Hi @billdenney , this is a PR for allowing the return of individual fit info from the half-life fits in the NCA. This is something I absolutely need for a project I’m working on, but I think it’s very useful info to have in general for PKNCA users, both for checking/confirming correct lambda-z/half-life calculation manually, and e.g. for inclusion in reports. Let me know what you think.

Since the data that needs to be returned from the half-life calculation won’t fit in the current data units passed between the functions (data.frames) I instead attached it to the core data units as attribute. This seems to me the easiest option here, but let me know what you think. If you prefer not to use attributes, an alternative option is to just pass back the coefficients from the fit in the existing data.frame. Then at least the curve fits can be re-constructed afterwards, although it’s not as convenient to the user.

FYI, this PR is a work-in-progress, just wanted to see if this aligns with your ideas for the package. Will do some more testing and add unit tests if you agree with the overall approach.
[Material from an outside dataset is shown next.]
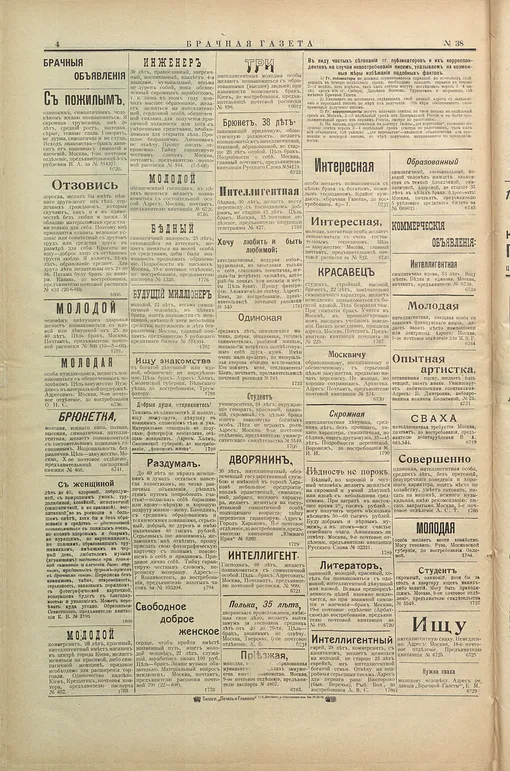 Брачная газета, №38, 1908 год
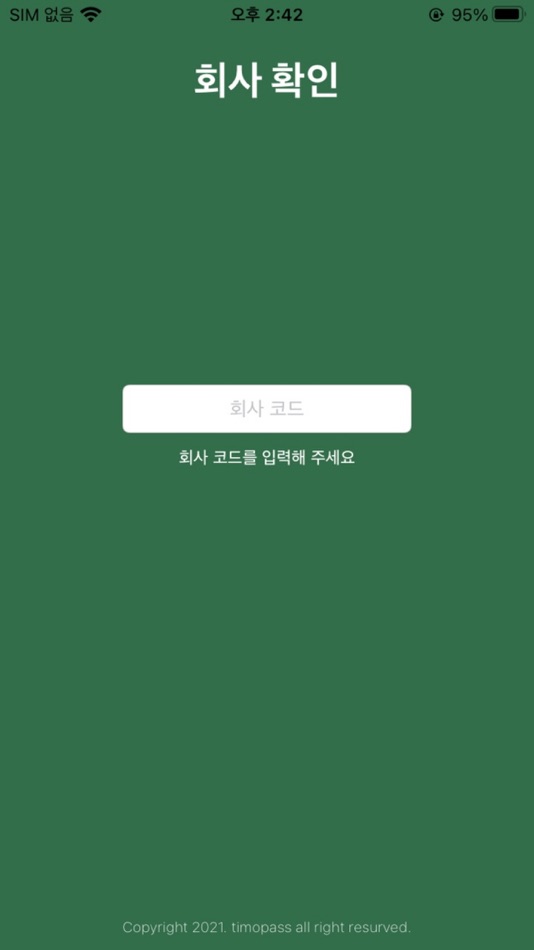 #2. 티모패스 (iOS) 由: TTCNC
Below is a minimal example. Thanks

## Minimal example to test functionality
library(PKNCA)
library(dplyr)
library(ggplot2)

## Load the PK & dose data
d_conc <- as.data.frame(datasets::Theoph) %>%
  mutate(Subject = as.numeric(as.character(Subject)))
d_dose <- d_conc[d_conc$Time == 0,]
d_dose$Time <- 0
conc_obj <- PKNCAconc(d_conc, conc ~ Time|Subject)
dose_obj <- PKNCAdose(d_dose, Dose ~ Time|Subject)
data_obj <- PKNCAdata(conc_obj, dose_obj)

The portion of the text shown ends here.